## Data for analysis

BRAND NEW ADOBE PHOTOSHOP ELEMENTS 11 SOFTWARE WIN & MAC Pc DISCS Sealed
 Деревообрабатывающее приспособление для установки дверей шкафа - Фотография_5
...
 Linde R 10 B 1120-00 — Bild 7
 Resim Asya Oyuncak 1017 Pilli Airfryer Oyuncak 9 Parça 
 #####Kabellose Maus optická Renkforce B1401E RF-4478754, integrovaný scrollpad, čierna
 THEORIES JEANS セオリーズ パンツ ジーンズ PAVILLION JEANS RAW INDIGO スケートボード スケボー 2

## What is required
As listed above, the lines from the line with "BRAND NEW ADOBE" to the line with "Деревообрабатывающее приспособление для" are to be echoed exactly, with both ends included and nothing added.

## Response
BRAND NEW ADOBE PHOTOSHOP ELEMENTS 11 SOFTWARE WIN & MAC Pc DISCS Sealed
 Деревообрабатывающее приспособление для установки дверей шкафа - Фотография_5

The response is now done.